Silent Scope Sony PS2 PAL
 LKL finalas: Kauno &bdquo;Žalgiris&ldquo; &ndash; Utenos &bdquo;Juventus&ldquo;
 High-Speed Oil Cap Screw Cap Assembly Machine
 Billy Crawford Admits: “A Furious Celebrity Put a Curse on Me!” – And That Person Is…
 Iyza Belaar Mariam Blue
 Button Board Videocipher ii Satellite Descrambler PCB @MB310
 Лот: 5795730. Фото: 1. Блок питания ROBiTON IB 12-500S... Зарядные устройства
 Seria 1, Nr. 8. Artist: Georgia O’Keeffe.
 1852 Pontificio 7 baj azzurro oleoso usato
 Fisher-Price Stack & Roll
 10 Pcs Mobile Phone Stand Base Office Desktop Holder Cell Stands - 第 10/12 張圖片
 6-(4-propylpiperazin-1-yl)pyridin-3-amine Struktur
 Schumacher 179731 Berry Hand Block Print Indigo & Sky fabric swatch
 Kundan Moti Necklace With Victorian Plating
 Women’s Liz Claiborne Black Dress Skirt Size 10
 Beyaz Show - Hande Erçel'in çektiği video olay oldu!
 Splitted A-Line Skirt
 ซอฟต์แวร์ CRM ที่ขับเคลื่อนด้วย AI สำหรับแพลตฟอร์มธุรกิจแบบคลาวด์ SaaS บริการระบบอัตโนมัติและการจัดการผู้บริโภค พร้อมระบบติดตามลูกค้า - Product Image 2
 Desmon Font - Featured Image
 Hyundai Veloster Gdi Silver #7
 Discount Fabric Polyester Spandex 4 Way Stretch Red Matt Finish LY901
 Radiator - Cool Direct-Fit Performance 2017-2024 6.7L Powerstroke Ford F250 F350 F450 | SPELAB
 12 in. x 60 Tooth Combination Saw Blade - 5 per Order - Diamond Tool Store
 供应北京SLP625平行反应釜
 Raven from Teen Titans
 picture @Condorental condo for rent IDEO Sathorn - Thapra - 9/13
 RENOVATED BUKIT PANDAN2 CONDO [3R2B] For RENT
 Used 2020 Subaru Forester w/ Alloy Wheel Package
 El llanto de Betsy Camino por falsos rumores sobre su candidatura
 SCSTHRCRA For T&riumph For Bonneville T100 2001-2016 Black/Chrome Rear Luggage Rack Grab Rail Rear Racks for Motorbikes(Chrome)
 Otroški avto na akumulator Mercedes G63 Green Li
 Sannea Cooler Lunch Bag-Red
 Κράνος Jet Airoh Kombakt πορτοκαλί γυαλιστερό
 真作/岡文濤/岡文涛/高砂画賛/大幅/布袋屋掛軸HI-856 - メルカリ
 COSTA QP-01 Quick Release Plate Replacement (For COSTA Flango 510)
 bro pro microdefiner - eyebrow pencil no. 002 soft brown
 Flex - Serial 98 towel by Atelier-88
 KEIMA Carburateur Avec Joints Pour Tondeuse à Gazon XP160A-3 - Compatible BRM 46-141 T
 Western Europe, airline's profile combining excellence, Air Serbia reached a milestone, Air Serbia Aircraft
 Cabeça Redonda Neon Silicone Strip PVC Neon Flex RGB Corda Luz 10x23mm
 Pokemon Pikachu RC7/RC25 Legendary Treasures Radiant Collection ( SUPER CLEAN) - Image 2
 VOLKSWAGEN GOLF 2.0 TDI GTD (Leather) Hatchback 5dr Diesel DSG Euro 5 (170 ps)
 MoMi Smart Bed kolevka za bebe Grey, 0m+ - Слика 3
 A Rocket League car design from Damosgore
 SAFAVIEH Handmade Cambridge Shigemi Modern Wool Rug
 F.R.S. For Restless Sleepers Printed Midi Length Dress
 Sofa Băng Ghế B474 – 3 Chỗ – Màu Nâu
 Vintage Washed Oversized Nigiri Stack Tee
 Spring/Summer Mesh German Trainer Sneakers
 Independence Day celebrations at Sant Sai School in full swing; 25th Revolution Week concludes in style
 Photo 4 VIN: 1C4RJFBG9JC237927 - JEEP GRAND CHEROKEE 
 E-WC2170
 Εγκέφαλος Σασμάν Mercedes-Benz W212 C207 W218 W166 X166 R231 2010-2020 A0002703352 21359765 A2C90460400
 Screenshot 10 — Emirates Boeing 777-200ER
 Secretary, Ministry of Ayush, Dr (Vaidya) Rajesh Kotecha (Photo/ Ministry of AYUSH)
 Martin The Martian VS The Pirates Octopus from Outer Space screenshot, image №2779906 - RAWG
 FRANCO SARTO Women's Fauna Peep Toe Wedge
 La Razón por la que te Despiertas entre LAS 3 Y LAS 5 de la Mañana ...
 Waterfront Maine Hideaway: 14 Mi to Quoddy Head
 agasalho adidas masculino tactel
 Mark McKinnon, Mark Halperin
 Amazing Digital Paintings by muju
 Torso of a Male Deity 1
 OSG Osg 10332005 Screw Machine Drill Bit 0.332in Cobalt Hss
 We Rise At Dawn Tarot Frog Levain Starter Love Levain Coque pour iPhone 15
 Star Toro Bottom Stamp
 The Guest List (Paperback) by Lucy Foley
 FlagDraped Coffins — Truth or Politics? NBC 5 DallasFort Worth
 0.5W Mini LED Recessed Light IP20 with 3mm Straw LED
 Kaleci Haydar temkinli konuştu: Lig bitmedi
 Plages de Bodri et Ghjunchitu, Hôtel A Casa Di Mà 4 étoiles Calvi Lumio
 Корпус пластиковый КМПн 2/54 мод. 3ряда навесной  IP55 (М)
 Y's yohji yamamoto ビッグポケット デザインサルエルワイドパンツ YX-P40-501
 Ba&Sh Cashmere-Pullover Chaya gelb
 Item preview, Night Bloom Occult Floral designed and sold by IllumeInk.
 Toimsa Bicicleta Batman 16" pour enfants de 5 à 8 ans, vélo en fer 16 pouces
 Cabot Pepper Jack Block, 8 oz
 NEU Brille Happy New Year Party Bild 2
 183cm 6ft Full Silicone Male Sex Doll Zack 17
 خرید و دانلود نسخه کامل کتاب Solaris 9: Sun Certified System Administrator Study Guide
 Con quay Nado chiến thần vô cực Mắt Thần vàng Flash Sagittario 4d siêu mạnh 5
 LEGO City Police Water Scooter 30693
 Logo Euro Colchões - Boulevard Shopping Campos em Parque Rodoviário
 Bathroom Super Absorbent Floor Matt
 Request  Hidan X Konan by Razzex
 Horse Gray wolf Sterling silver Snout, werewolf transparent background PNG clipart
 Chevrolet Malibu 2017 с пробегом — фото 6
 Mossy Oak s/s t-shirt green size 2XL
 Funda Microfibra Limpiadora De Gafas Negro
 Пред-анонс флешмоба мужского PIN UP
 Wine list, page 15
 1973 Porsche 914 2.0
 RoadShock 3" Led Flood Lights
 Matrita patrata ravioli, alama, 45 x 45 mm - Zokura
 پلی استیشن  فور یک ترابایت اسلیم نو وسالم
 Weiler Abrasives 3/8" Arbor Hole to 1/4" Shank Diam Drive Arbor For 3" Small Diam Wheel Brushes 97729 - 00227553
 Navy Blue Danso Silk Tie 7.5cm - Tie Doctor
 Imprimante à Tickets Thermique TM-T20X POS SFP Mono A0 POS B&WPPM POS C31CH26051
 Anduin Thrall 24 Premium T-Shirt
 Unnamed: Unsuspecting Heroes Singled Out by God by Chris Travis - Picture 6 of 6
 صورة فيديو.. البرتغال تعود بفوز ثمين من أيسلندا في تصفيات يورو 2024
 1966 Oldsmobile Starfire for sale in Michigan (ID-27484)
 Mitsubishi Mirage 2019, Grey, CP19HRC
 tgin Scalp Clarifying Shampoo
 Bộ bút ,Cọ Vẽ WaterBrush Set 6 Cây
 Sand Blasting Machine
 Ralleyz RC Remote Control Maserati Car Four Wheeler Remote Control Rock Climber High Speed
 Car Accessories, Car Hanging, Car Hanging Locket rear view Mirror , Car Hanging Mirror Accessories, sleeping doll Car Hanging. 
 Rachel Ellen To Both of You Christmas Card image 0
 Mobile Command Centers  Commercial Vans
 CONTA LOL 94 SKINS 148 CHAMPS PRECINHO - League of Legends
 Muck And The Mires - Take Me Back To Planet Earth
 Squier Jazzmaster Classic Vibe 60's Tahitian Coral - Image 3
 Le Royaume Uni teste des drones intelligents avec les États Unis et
----
■ What the task asks ■
Of the entries above, transcribe exactly those lines that fall between the line containing "F.R.S. For Restless" and the line containing "Toimsa Bicicleta Batman", together with those two lines.

■ Exercise answer ■
 F.R.S. For Restless Sleepers Printed Midi Length Dress
 Sofa Băng Ghế B474 – 3 Chỗ – Màu Nâu
 Vintage Washed Oversized Nigiri Stack Tee
 Spring/Summer Mesh German Trainer Sneakers
 Independence Day celebrations at Sant Sai School in full swing; 25th Revolution Week concludes in style
 Photo 4 VIN: 1C4RJFBG9JC237927 - JEEP GRAND CHEROKEE 
 E-WC2170
 Εγκέφαλος Σασμάν Mercedes-Benz W212 C207 W218 W166 X166 R231 2010-2020 A0002703352 21359765 A2C90460400
 Screenshot 10 — Emirates Boeing 777-200ER
 Secretary, Ministry of Ayush, Dr (Vaidya) Rajesh Kotecha (Photo/ Ministry of AYUSH)
 Martin The Martian VS The Pirates Octopus from Outer Space screenshot, image №2779906 - RAWG
 FRANCO SARTO Women's Fauna Peep Toe Wedge
 La Razón por la que te Despiertas entre LAS 3 Y LAS 5 de la Mañana ...
 Waterfront Maine Hideaway: 14 Mi to Quoddy Head
 agasalho adidas masculino tactel
 Mark McKinnon, Mark Halperin
 Amazing Digital Paintings by muju
 Torso of a Male Deity 1
 OSG Osg 10332005 Screw Machine Drill Bit 0.332in Cobalt Hss
 We Rise At Dawn Tarot Frog Levain Starter Love Levain Coque pour iPhone 15
 Star Toro Bottom Stamp
 The Guest List (Paperback) by Lucy Foley
 FlagDraped Coffins — Truth or Politics? NBC 5 DallasFort Worth
 0.5W Mini LED Recessed Light IP20 with 3mm Straw LED
 Kaleci Haydar temkinli konuştu: Lig bitmedi
 Plages de Bodri et Ghjunchitu, Hôtel A Casa Di Mà 4 étoiles Calvi Lumio
 Корпус пластиковый КМПн 2/54 мод. 3ряда навесной  IP55 (М)
 Y's yohji yamamoto ビッグポケット デザインサルエルワイドパンツ YX-P40-501
 Ba&Sh Cashmere-Pullover Chaya gelb
 Item preview, Night Bloom Occult Floral designed and sold by IllumeInk.
 Toimsa Bicicleta Batman 16" pour enfants de 5 à 8 ans, vélo en fer 16 pouces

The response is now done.